El propio Dúo Dinámico, que estos días llora la ausencia de uno de sus integrantes, nos lo cantaba en aquella melodía convertida en himno oficioso del final del verano. Una sintonía que regresa cada final de agosto como una alarma inevitable para recordarnos que la tregua estival se acaba, que el paréntesis de las vacaciones se cierra y que toca volver a medirnos con la rutina.

En este último fin de semana Sevilla ha comenzado a desperezarse. Basta con mirar un poco alrededor para comprobarlo. Tras semanas de calles casi vacías y comercios rendidos al ritmo cansino del calor, la ciudad ha vuelto a recuperar su pulso habitual. Los coches regresan para colapsar las avenidas, los negocios se llenan de gente y algunas calles, que en verano parecían desiertas, vuelven a ser un pequeño laberinto difícil de transitar.

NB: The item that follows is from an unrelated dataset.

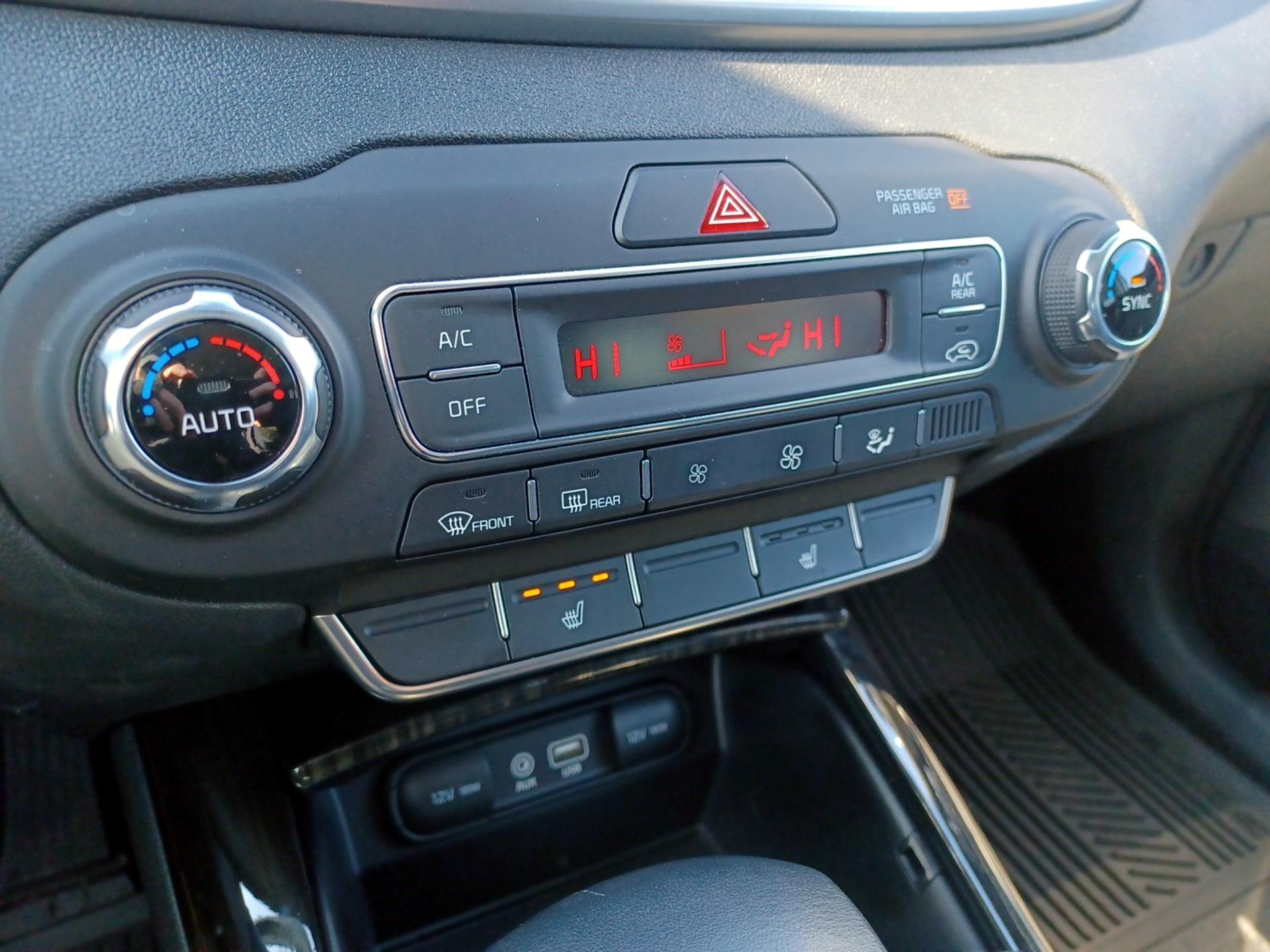 Thumbnail: 2020 Kia Sorento - 14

El cambio se percibe en todo. Aunque, eso sí, aquí el verano nunca se marcha de golpe. A pesar de las temperaturas algo más suaves de estos días, Sevilla sigue atrapada en un calor que se resiste a decir adiós. El termómetro seguirá superando la treintena y no hay rutina posible sin un abanico a mano o una botella de agua fresca en la mochila.

Pero septiembre también guarda su encanto. Aunque el calendario diga que el año comienza en enero, lo cierto es que septiembre se siente mucho más como un verdadero inicio. Septiembre huele a proyectos recién estrenados, a libretas aún en blanco, a promesas que nos repetimos, aunque sepamos que no todas llegarán a cumplirse. Y, aun así, hay algo ilusionante en volver a empezar, en sentir la emoción de las cosas que, dentro de la rutina, viviremos como extraordinarias y que acabarán haciendo de este curso algo distinto a todos los demás.

Recuerdo que de niños los veranos parecían eternos. Tres meses que daban para una vida entera de juegos y aventuras. Ahora, en cambio, todo se nos escapa en un suspiro. Apenas pestañeamos y ya estamos guardando la toalla y la sombrilla en el armario. Quizá por eso el final del verano nos pesa más de adultos. No solo despedimos el periodo vacacional, también nos topamos de frente con la certeza de que el tiempo corre cada vez más deprisa.

Y, aun así, septiembre se abre como una puerta. Nos recuerda que la vida, con su rutina y sus sobresaltos, sigue adelante. Que la nostalgia es inevitable, pero también necesaria para dar valor a lo vivido. Y que, en medio del ruido de la ciudad que despierta, siempre cabe la posibilidad de rescatar algo del verano. Esa serenidad que durante semanas nos hace valorar lo que de verdad importa.